**Dataset section:**
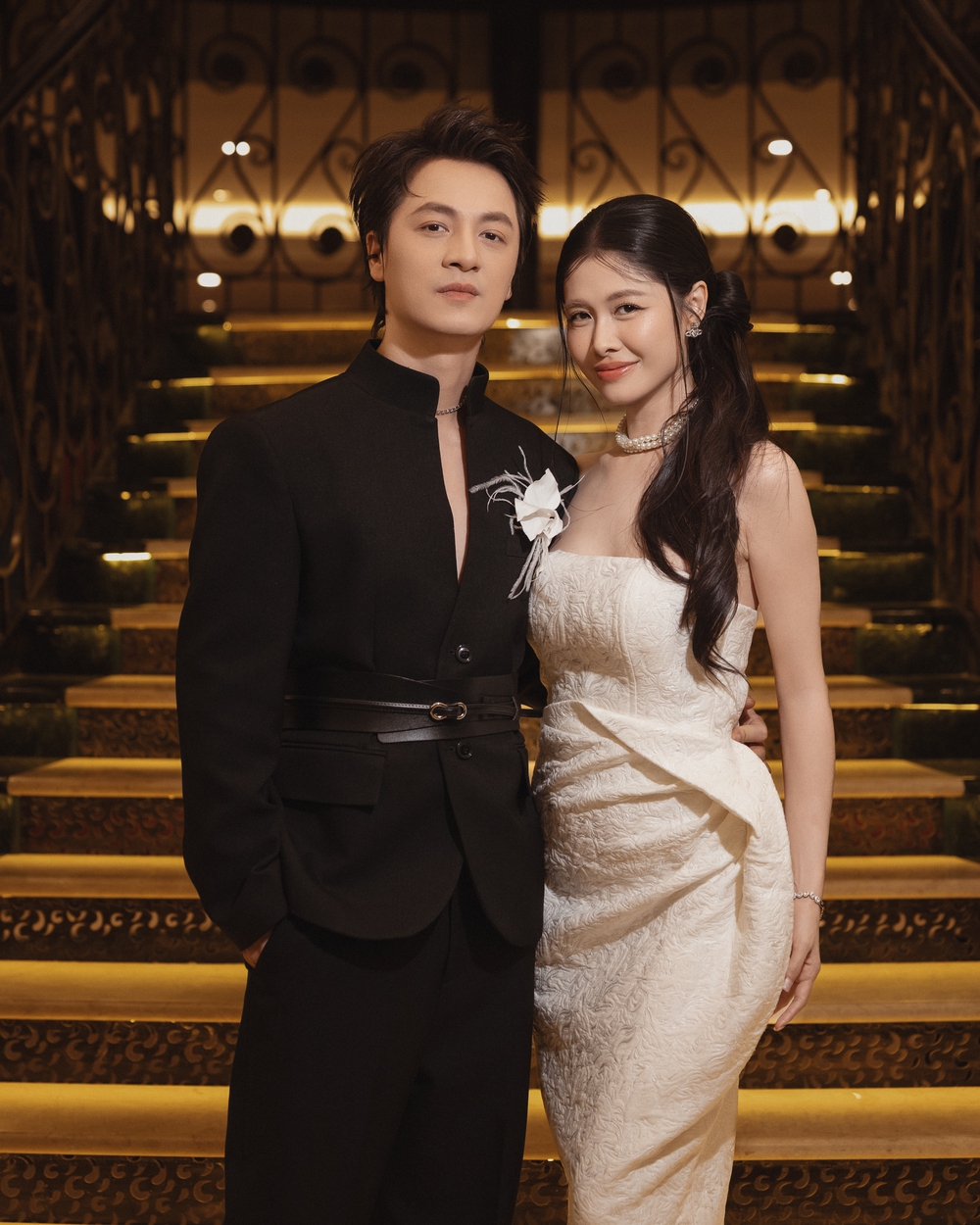 Dàn Hoa hậu, Á hậu đọ sắc thảm đỏ show VUNGOC&SON - Ảnh 11. Dàn Hoa hậu, Á hậu đọ sắc thảm đỏ show VUNGOC&SON - Ảnh 11.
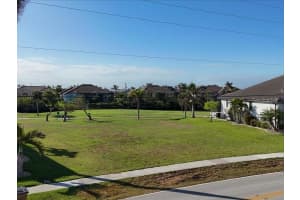 2175 DEBORAH DRIVE, PUNTA GORDA, FL 33950 - MLS#MFRC7501057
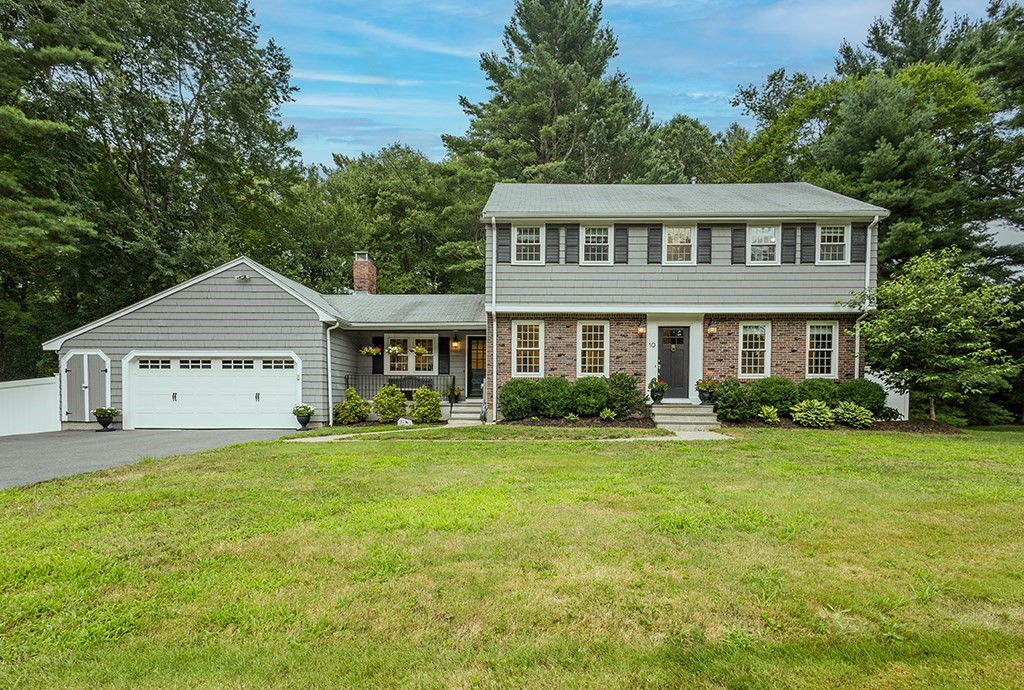 Cedar Ln, Medfield, MA 02052
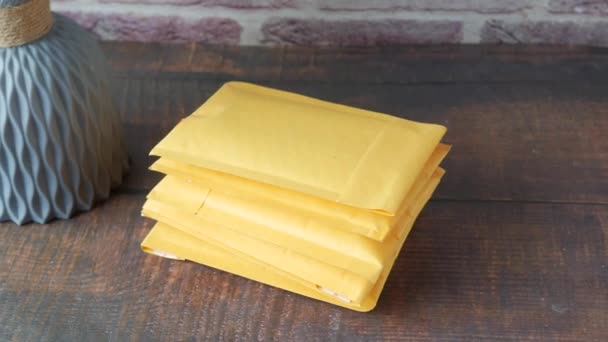 Gele Papieren Bel Envelop Tafel — Stockvideo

**What is being asked:**
Starting at the line that contains "2175 DEBORAH DRIVE, PUNTA", output every line through the end of the data, both ends included, and nothing else; pictures stay out.

**Solution for this exercise:**
 2175 DEBORAH DRIVE, PUNTA GORDA, FL 33950 - MLS#MFRC7501057
 Cedar Ln, Medfield, MA 02052
 Gele Papieren Bel Envelop Tafel — Stockvideo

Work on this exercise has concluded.